> _Entries shown_
::::
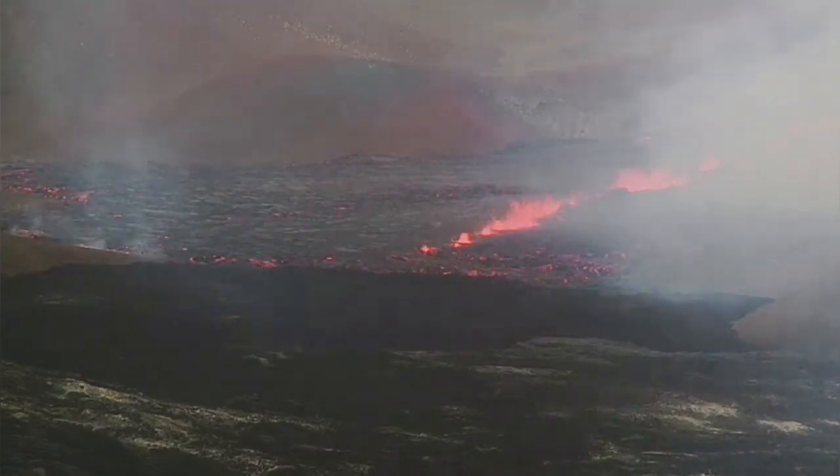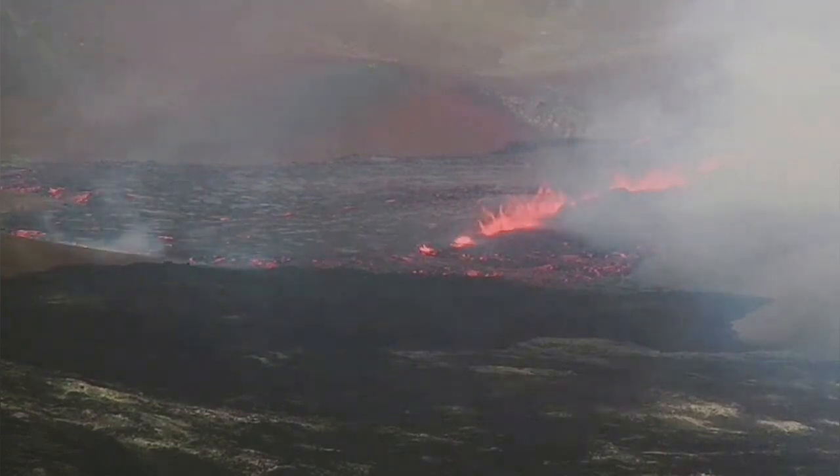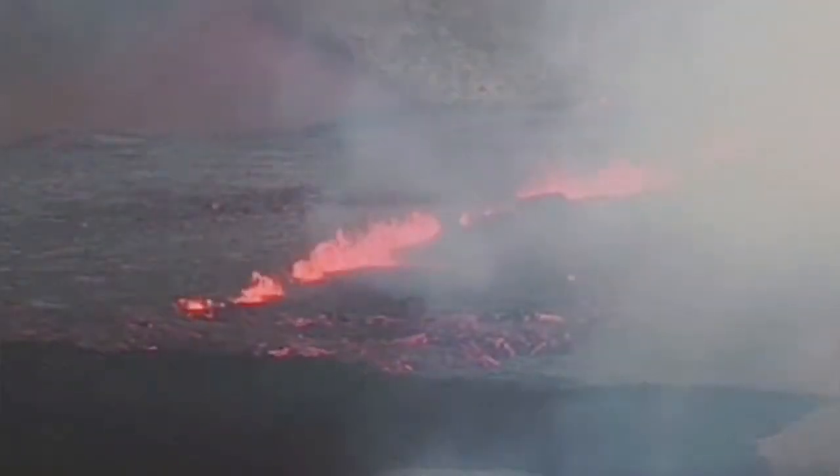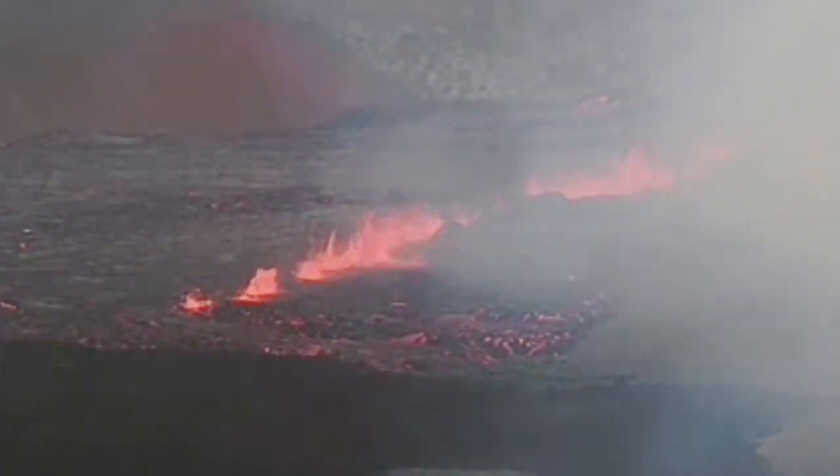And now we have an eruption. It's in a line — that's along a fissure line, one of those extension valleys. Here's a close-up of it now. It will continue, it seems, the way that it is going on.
::::
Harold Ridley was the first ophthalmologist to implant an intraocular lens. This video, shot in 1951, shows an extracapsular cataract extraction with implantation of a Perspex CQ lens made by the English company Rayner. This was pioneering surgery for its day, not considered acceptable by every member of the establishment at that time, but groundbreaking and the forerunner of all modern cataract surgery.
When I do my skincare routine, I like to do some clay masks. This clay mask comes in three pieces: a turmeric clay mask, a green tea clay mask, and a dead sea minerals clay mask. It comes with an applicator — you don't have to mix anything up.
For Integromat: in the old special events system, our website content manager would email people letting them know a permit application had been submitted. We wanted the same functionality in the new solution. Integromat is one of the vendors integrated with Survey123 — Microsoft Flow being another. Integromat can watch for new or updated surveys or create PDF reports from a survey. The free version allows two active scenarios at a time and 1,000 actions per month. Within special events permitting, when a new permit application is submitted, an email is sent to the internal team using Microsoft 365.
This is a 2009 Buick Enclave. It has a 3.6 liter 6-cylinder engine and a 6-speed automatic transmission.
::::
> _To do_
All lines above from the one holding "Harold Ridley was" to the one holding "This is a 2009", inclusive, are to be copied exactly; no other line is wanted.

> _Solution to this task_
Harold Ridley was the first ophthalmologist to implant an intraocular lens. This video, shot in 1951, shows an extracapsular cataract extraction with implantation of a Perspex CQ lens made by the English company Rayner. This was pioneering surgery for its day, not considered acceptable by every member of the establishment at that time, but groundbreaking and the forerunner of all modern cataract surgery.
When I do my skincare routine, I like to do some clay masks. This clay mask comes in three pieces: a turmeric clay mask, a green tea clay mask, and a dead sea minerals clay mask. It comes with an applicator — you don't have to mix anything up.
For Integromat: in the old special events system, our website content manager would email people letting them know a permit application had been submitted. We wanted the same functionality in the new solution. Integromat is one of the vendors integrated with Survey123 — Microsoft Flow being another. Integromat can watch for new or updated surveys or create PDF reports from a survey. The free version allows two active scenarios at a time and 1,000 actions per month. Within special events permitting, when a new permit application is submitted, an email is sent to the internal team using Microsoft 365.
This is a 2009 Buick Enclave. It has a 3.6 liter 6-cylinder engine and a 6-speed automatic transmission.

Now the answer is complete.